**** THE RECORDS

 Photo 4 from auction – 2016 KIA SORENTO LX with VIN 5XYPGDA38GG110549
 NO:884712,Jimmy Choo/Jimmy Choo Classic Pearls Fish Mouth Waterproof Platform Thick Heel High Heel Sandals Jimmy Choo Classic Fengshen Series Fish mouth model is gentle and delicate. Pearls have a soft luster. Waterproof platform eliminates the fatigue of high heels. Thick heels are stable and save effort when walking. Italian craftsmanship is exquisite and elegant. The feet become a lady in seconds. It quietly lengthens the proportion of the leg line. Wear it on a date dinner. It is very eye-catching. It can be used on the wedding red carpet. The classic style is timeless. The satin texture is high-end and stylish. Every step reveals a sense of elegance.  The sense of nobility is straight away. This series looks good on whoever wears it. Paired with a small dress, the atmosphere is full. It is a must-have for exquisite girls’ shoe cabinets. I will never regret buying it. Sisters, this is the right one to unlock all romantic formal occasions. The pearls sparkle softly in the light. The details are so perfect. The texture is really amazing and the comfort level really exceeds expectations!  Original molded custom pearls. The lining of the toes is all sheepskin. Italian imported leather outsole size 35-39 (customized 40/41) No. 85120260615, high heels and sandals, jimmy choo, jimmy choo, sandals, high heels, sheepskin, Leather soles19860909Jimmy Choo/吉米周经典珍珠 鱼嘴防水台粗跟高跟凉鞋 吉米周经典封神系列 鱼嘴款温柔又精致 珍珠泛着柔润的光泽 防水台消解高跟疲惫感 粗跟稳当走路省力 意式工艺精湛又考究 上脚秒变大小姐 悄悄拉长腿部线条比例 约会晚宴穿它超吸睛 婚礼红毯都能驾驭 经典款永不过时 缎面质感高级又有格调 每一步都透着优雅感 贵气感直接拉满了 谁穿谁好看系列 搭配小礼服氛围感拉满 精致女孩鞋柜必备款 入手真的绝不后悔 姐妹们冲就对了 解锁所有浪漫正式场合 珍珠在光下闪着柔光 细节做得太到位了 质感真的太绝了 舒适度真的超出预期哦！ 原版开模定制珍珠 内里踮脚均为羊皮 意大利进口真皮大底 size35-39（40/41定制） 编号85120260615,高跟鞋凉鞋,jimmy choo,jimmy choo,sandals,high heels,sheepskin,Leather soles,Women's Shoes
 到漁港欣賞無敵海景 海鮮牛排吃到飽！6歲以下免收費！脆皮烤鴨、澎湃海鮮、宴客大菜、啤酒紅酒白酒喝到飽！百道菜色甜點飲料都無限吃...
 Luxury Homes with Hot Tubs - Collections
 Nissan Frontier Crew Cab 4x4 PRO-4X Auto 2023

********

EXERCISE:
Each record above has to be set down again, word for word.

EXERCISE ANSWER:
 Photo 4 from auction – 2016 KIA SORENTO LX with VIN 5XYPGDA38GG110549
 NO:884712,Jimmy Choo/Jimmy Choo Classic Pearls Fish Mouth Waterproof Platform Thick Heel High Heel Sandals Jimmy Choo Classic Fengshen Series Fish mouth model is gentle and delicate. Pearls have a soft luster. Waterproof platform eliminates the fatigue of high heels. Thick heels are stable and save effort when walking. Italian craftsmanship is exquisite and elegant. The feet become a lady in seconds. It quietly lengthens the proportion of the leg line. Wear it on a date dinner. It is very eye-catching. It can be used on the wedding red carpet. The classic style is timeless. The satin texture is high-end and stylish. Every step reveals a sense of elegance.  The sense of nobility is straight away. This series looks good on whoever wears it. Paired with a small dress, the atmosphere is full. It is a must-have for exquisite girls’ shoe cabinets. I will never regret buying it. Sisters, this is the right one to unlock all romantic formal occasions. The pearls sparkle softly in the light. The details are so perfect. The texture is really amazing and the comfort level really exceeds expectations!  Original molded custom pearls. The lining of the toes is all sheepskin. Italian imported leather outsole size 35-39 (customized 40/41) No. 85120260615, high heels and sandals, jimmy choo, jimmy choo, sandals, high heels, sheepskin, Leather soles19860909Jimmy Choo/吉米周经典珍珠 鱼嘴防水台粗跟高跟凉鞋 吉米周经典封神系列 鱼嘴款温柔又精致 珍珠泛着柔润的光泽 防水台消解高跟疲惫感 粗跟稳当走路省力 意式工艺精湛又考究 上脚秒变大小姐 悄悄拉长腿部线条比例 约会晚宴穿它超吸睛 婚礼红毯都能驾驭 经典款永不过时 缎面质感高级又有格调 每一步都透着优雅感 贵气感直接拉满了 谁穿谁好看系列 搭配小礼服氛围感拉满 精致女孩鞋柜必备款 入手真的绝不后悔 姐妹们冲就对了 解锁所有浪漫正式场合 珍珠在光下闪着柔光 细节做得太到位了 质感真的太绝了 舒适度真的超出预期哦！ 原版开模定制珍珠 内里踮脚均为羊皮 意大利进口真皮大底 size35-39（40/41定制） 编号85120260615,高跟鞋凉鞋,jimmy choo,jimmy choo,sandals,high heels,sheepskin,Leather soles,Women's Shoes
 到漁港欣賞無敵海景 海鮮牛排吃到飽！6歲以下免收費！脆皮烤鴨、澎湃海鮮、宴客大菜、啤酒紅酒白酒喝到飽！百道菜色甜點飲料都無限吃...
 Luxury Homes with Hot Tubs - Collections
 Nissan Frontier Crew Cab 4x4 PRO-4X Auto 2023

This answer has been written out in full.